DATASET CONTENT below:

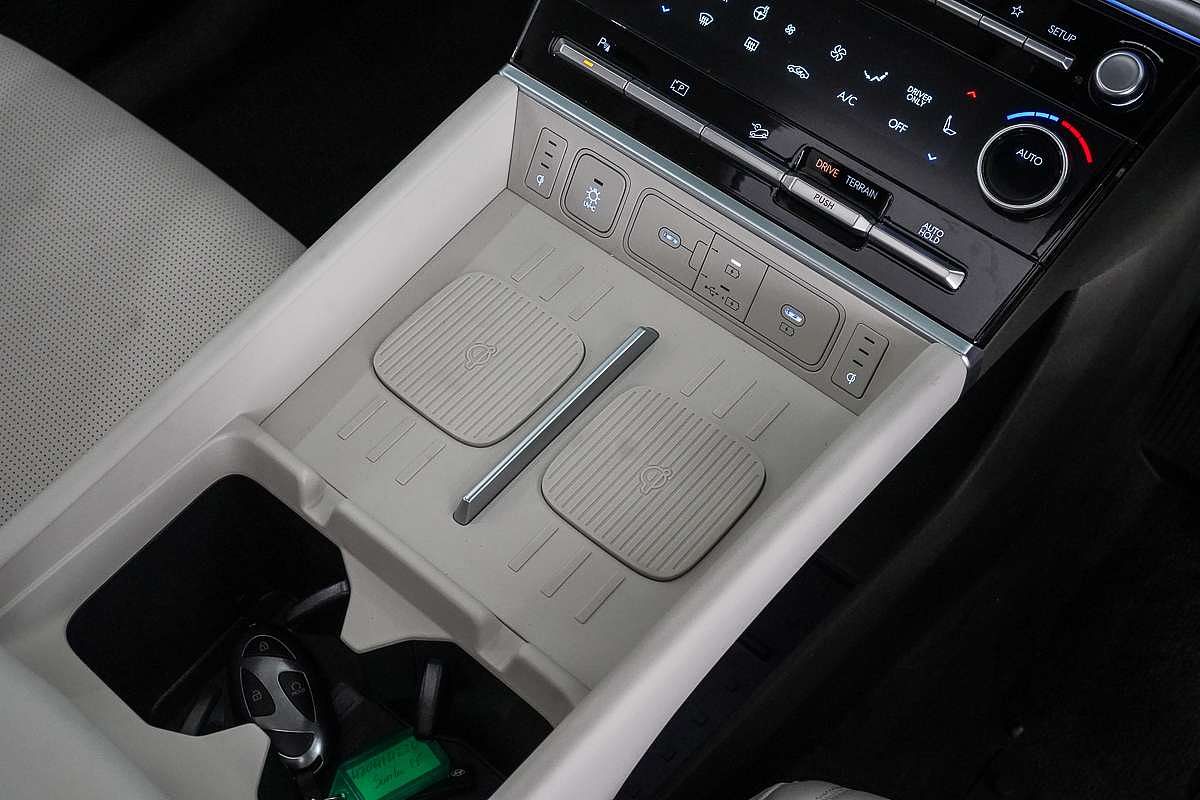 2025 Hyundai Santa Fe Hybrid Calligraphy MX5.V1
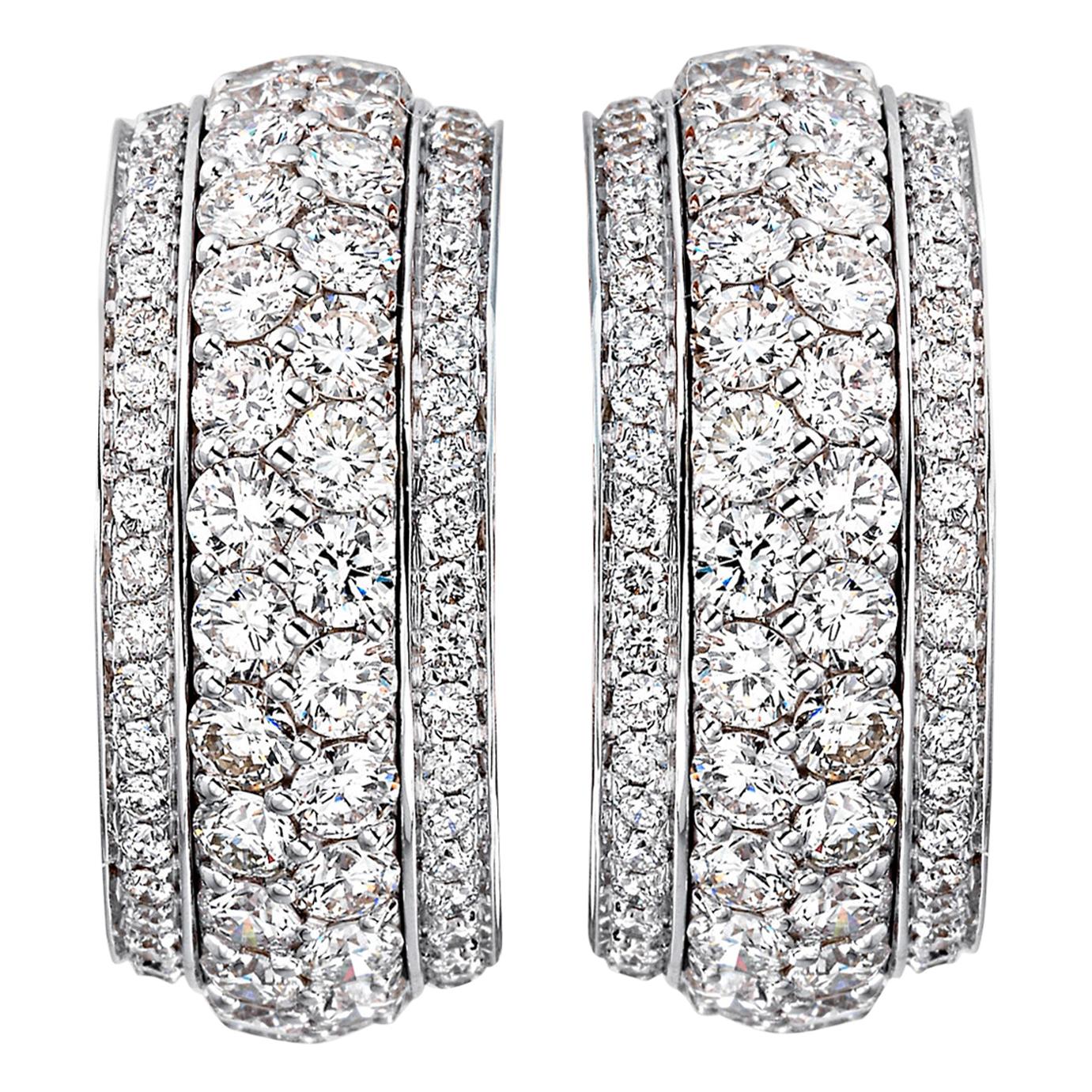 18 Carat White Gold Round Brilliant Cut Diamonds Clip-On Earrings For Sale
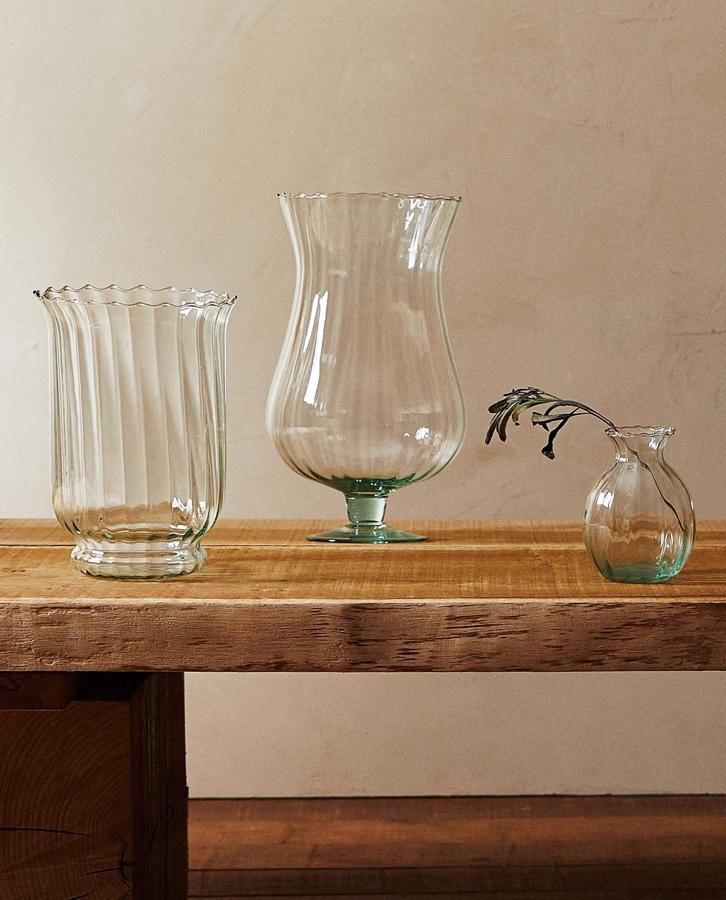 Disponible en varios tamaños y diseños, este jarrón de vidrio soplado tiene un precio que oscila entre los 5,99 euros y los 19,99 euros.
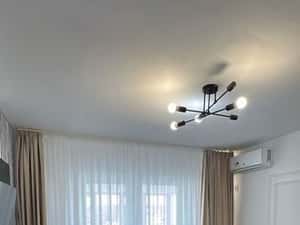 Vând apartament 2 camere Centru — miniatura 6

End of DATASET CONTENT.

EXERCISE – Pictures stay out. Copy exactly, and only, the lines from the one containing "18 Carat White" through the end of the data.

EXERCISE SOLUTION –
 18 Carat White Gold Round Brilliant Cut Diamonds Clip-On Earrings For Sale
 Disponible en varios tamaños y diseños, este jarrón de vidrio soplado tiene un precio que oscila entre los 5,99 euros y los 19,99 euros.
 Vând apartament 2 camere Centru — miniatura 6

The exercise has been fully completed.